In this case, that’s because we never told the system that it needed to decrypt the HDD partition, and LVM fails by default when a volume group is incomplete.
We can run lvm lvdisplay to check that, while the new logical volume is not available, the old one (containing the system root) still is.
Therefore, we just activate the volume group in partial mode with lvm vgchange -a y --partial ubuntu-vg, then exit again to finish the boot process.
6. Setting up decryption
Once the boot process is done, open a terminal to decrypt the remaining partition - the LVM volumes inside should also get recognized automatically.
$ sudo cryptsetup open /dev/sdb1 ubuntu-data
We’ll now set up a script which will cache our decryption password in order to open both of our LUKS partitions during the boot process (more specifically, by the initramfs image which is loaded from the boot partition).
We begin by installing the keyutils package.
Then, edit the /etc/crypttab file in order to add the keyscript option and set up the same CRYPTTAB_KEY for both entries.
We also add the initramfs options and make sure it will be handled there by setting CRYPTSETUP=y in /etc/cryptsetup-initramfs/conf-hook.
Finally, re-generate the initramfs with update-initramfs.
$ sudo apt install keyutils
$ sudo nano /etc/crypttab
$ sudo nano /etc/cryptsetup-initramfs/conf-hook
$ sudo update-initramfs -k all -u
After those steps, we can reboot to check that we’ll no longer drop to a BusyBox recovery shell.
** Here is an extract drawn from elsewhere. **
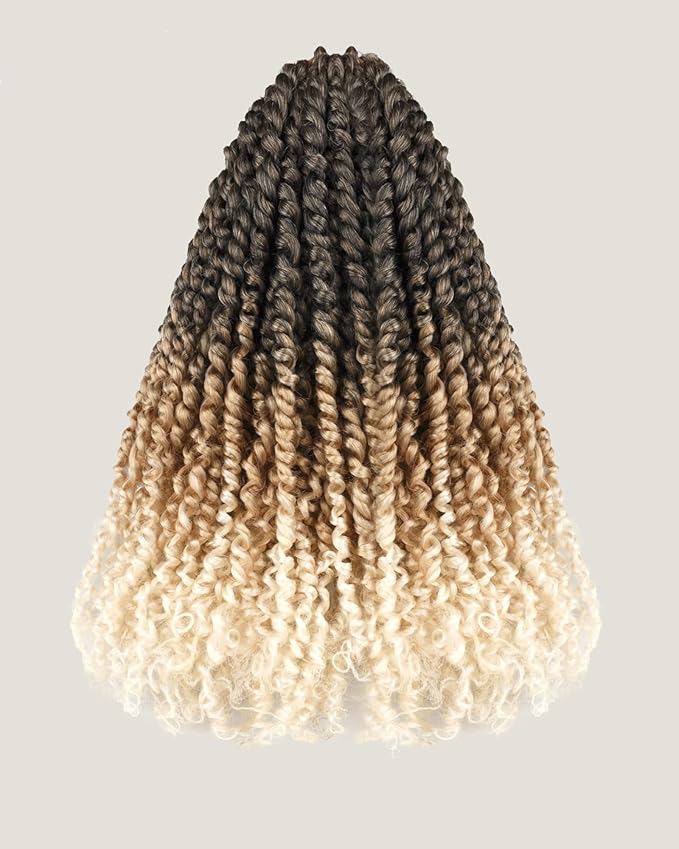 14 Inches 8 Packs Passion Twist Crochet Hair for Black Women and Kids-3 Tones Ombre Gray to Blonde to Off-white, Pre Looped Pretwisted Crochet Hair(14"-8 Packs,Gray/27/613)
Furthermore, from now on, both partitions will be unlocked by a single boot password prompt.
7. Mount the cached partition
Finally, we can set up an entry in /etc/fstab in order to automatically mount our cached partition.
In my case, I’ll create an /hdd folder that’s owned by my main user, but another possibility would be mounting to /home directly (make sure to have backups, if you do).
I should note that, in order to use UUIDs to reference an LVM logical volume in fstab, we need to combine the volume group (VG) UUID and the logical volume (LV) UUID.
We can acquire those with vgdisplay and lvdisplay, respectively, then remove the hyphens and concatenate them to get the full LVM device mapper UUID path.
In the end, we have most of the system stored in the faster SSD, while our user data can stay in the bigger (but slower) HDD - both devices using LUKS encryption. The LVM subsystem will then take care of moving frequently accessed HDD data into the SSD cache - automatically improving performance for the data that’s actually being used. Victory!